Dans la pratique la discipline de type démocratico-révolutionnaire est plus sûre qu’on ne pourrait croire. Dans une armée prolétarienne la discipline est, par principe, obtenue par consentement volontaire. Elle est fondée sur le loyalisme de classe, tandis que la discipline d’une armée bourgeoise de conscrits est fondée, en dernière analyse, sur la crainte. (L’armée populaire qui remplaça les milices était à mi-chemin entre ces deux types). Dans les milices on n’eût pas supporté un seul instant le rudoiement et les injures qui sont monnaie courante dans une armée ordinaire. Les habituelles punitions militaires demeuraient en vigueur, mais on n’y recourait qu’en cas de fautes très graves.

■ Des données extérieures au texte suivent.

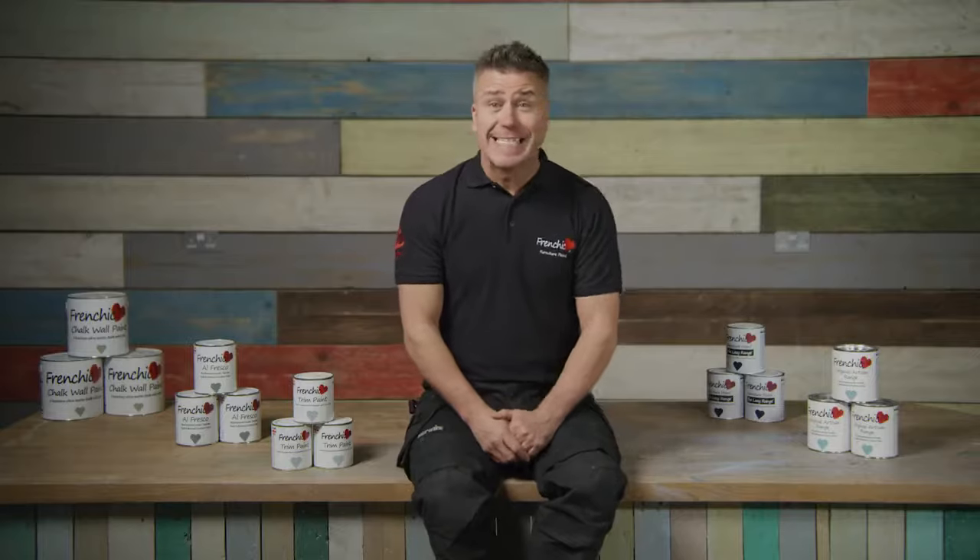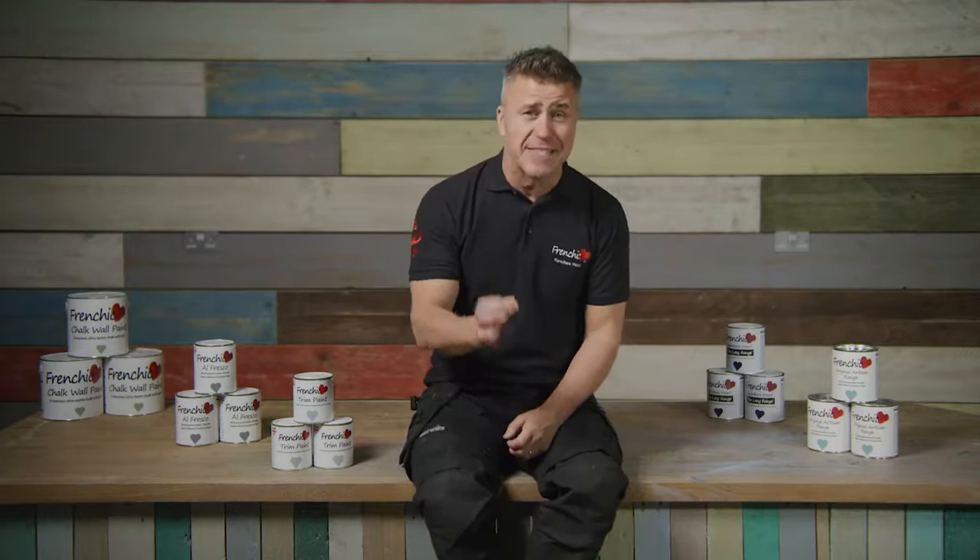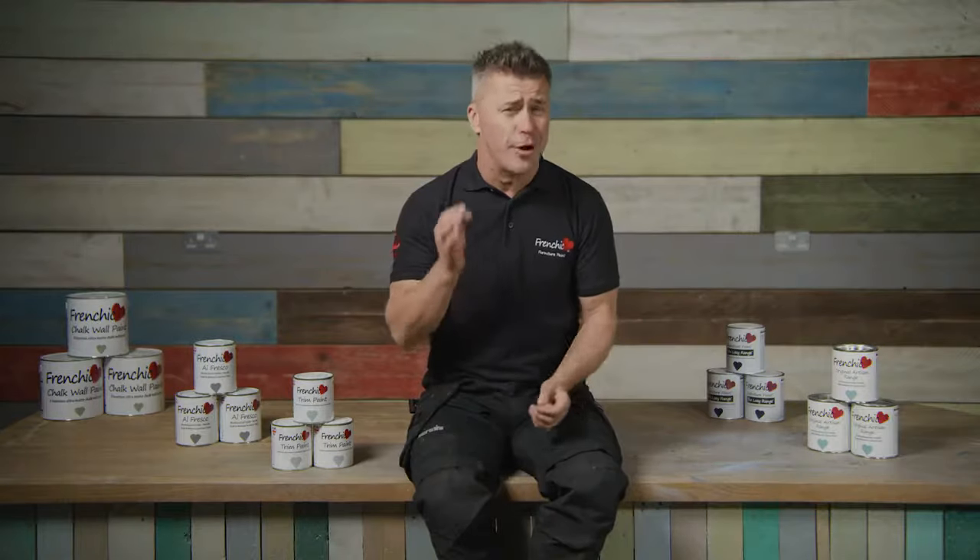Hi, I'm Craig Phillips, a builder, DIY expert, and French Cheek's very proud brand ambassador. You may also recognise me on one of the thousands of TV makeovers that I've been a part of.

Quand un homme refusait d’obéir à un ordre, vous ne le punissiez pas sur-le-champ ; vous faisiez d’abord appel à lui au nom de la camaraderie.

(…)

La discipline « révolutionnaire » découle de la conscience politique – du fait d’avoir compris pourquoi il faut obéir aux ordres ; pour que cela se généralise, il faut du temps,  mais il en faut aussi pour transformer un homme en automate à force de lui faire faire l’exercice dans la cour de quartier. (…) Et c’est un hommage à rendre à la solidité de la discipline « révolutionnaire » que de constater que les milices demeurèrent sur le champ de bataille. »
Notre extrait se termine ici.